The Human Rights Act 1998, an Act of Parliament, incorporates the rights set down in the European Convention on Human Rights (ECHR) into UK law. Specifically, it requires that public authorities act in accordance with the rights in Articles 2-12 and 14 of the Convention, Articles 1-3 of the First Protocol, and Article 1 of the Thirteenth Protocol, as read with Articles 16-18 of the Convention (section 6). Courts must interpret statues to give effect to them (s.3).
Ministers must certify whether bills introduced into Parliament are compliant with the Convention rights, including the ‘Right to Respect for Private life, home and correspondence’ in Article 8 of the ECHR. Senior UK courts may declare that a statute is incompatible with a Convention right – it is then for Parliament to decide whether to change the law to remedy this incompatibility, with a fast-track mechanism for amendment of the statute.
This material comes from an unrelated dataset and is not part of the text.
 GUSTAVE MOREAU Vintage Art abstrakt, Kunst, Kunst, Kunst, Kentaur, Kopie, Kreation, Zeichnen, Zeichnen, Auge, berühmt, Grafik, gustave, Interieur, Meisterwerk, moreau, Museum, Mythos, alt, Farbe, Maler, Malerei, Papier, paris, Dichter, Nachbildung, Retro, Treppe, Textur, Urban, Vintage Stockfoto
Yet until this happens, the declaration alone “does not affect the validity, continuing operation or enforcement of the provision in respect of which it is given” (s.4).
Article 6 (1) of the Human Rights Act, requiring “public authorities to act compatibly with Convention rights”, was held by the Investigatory Powers Tribunal (IPT) in the 2004 case British-Irish Rights Watch and others v Security Service, GCHQ and the SIS to add a further safeguard to the infringement of privacy through the use of powers outlined in RIPA. However, the IPT is not one of the “senior courts” that under the Human Rights Act may make a declaration of incompatibility of UK law with the ECHR.